The repair of the cleft lip and cleft palate at an appropriate age is important for the child to be able to develop understandable speech, and to prevent difficulty with eating and swallowing. During a consultation with our cleft lip and palate specialists, each child will receive an individualized functional and cosmetic assessment that will determine the best approach necessary for the highest standards of functional and aesthetic reconstruction. Depending on the extent of the case, your child's treatment team may include:

  • Ear, nose, and throat doctors (called ENTs or otolaryngologists)
  • Pediatricians
  • Facial plastic surgeons, or ENTs that specialize in cleft lip and palate 
  • Oral surgeons
  • Pediatric dentists
  • Orthodontists
  • Auditory or hearing specialists
  • Speech therapists
  • Genetic counselors
  • Social workers

Surgical interventions to repair cleft lip and palate deformities may include speech surgery for velopharyngeal insufficiency, alveolar bone grafting and gingivoperiosteoplasty, cleft rhinoplasty, orthodontics, and complex dental care.

In addition to surgical interventions, comprehensive and ongoing speech therapy is a part of our routine treatment plan with cleft palate patients.
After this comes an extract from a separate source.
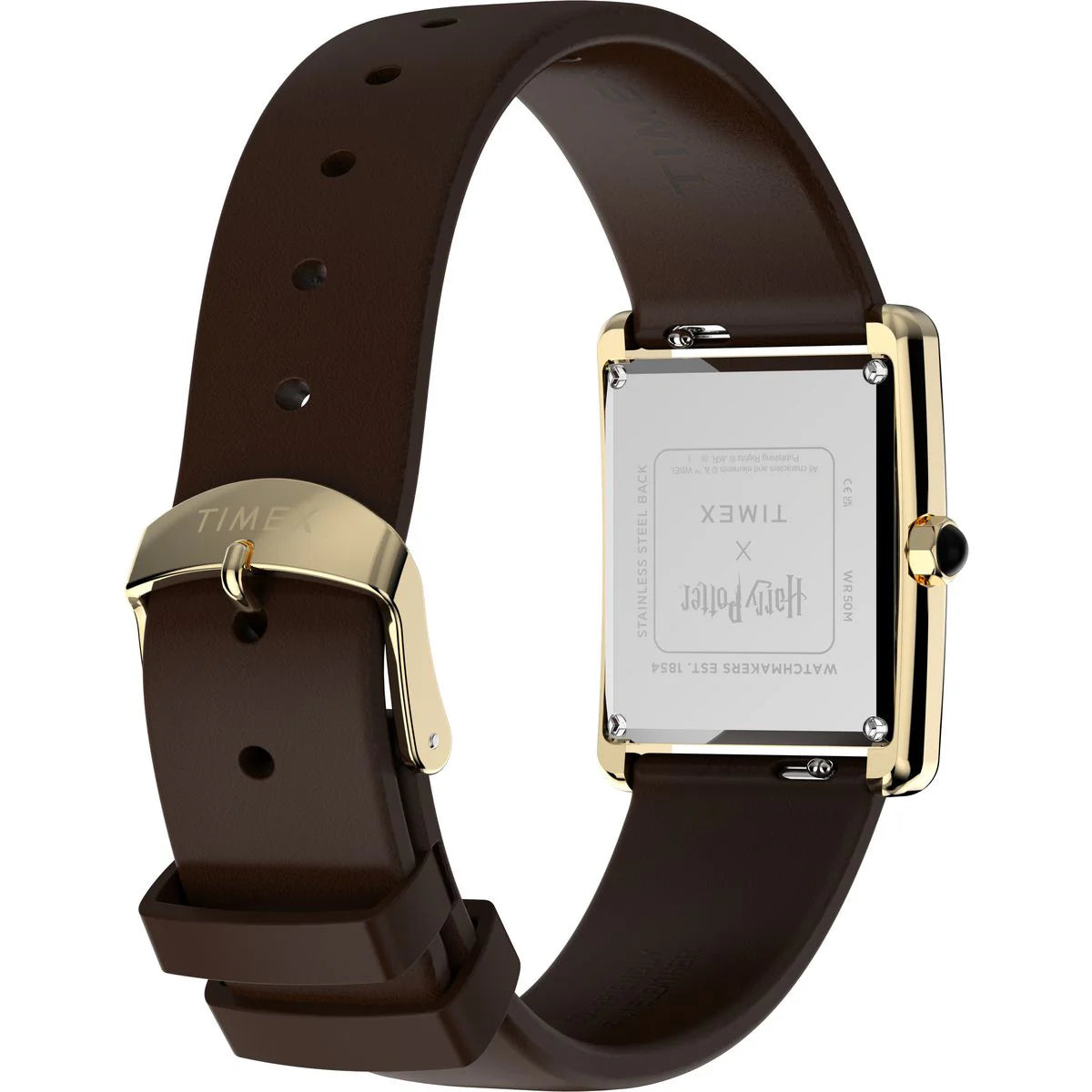 Timex X Harry Potter Hailey Hogwarts Watch For Women TW2Y75700X6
The cleft team at NYEE is composed of multidisciplinary groups of specialists that include speech and swallow therapists who specialize in the care of the cleft palate patient. Our speech team monitors developmental progress with many cutting-edge tools that determine the amount of air escaping through the nose, and uses three-dimensional video imaging to assess the motion of the palate both before and after repair.

Selecting the Best Treatment for Cleft Lip and Palate

Before proposing a customized treatment plan for cleft lip and palate, the specialists at NYEE consider the functional and aesthetic factors of each case. From a functional standpoint, the following questions need to be answered to determine the appropriate courses of action:

  • Is this affecting the child's feeding and growth?
  • Is this affecting the child's speech and intelligible language development?
  • Is this affecting the child's hearing?
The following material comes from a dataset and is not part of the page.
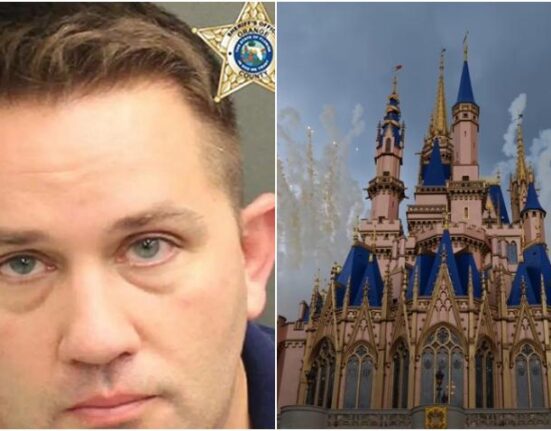 Detienen 13 hombres entre ellos un empleado de Disney tras un operativo encubierto relacionado con actividades explícitas con niños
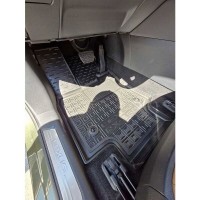 Автомобільні килимки в салон Lexus RX 2022- (AVTO-Gumm)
As far as aesthetic considerations, the following questions need to be answered to determine the appropriate courses of action:

  • Is this a unilateral (one sided) or bilateral (two sided) cleft lip?
  • Is this a complete cleft of the entire lip going through the floor of the nose?
  • Is this a partial cleft lip affecting only some parts of the visible lip?
  • Regardless of the size of the cleft, how much of the nasal shape and form is affected, and from how far away is the external nasal asymmetry noticed?

Typical Ages for Treatment of Cleft Lip and Palate

Treatments for cleft lip and palate are generally recommended at the following ages:

Birth: Experts may diagnose clefting and associated anomalies and create a tentative plan of care, including immediate feeding interventions. We may identify whether the child may be a candidate for a Naso-Alveolar Molding device (NAM).
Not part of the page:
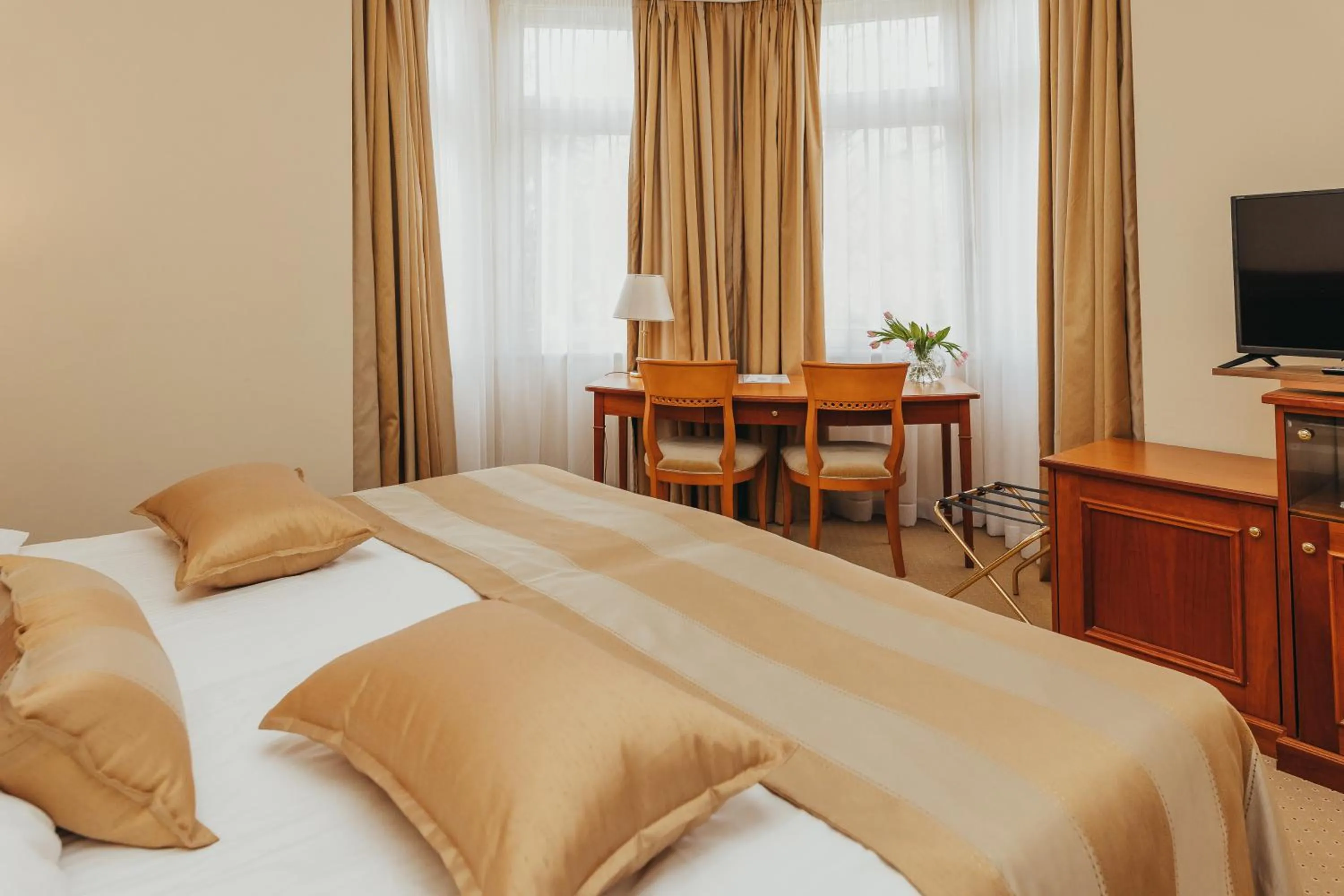 Bed in Boutique Hotel Korana Srakovcic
10 Weeks: Experts may perform cleft lip repair and cleft nose repair, and insert ear tubes. This may be delayed to four to five months of age in certain situations, including the use of NAM.

9 Months to One Year: Experts may perform cleft palate repair.

3-5 Years: Experts may provide speech therapy and adjunctive surgical procedures.

10-14 Years: Experts may perform bone grafting for Alveolar clefting.

14-17 Years: Experts may perform cleft rhinoplasty for definitive nasal repair when necessary.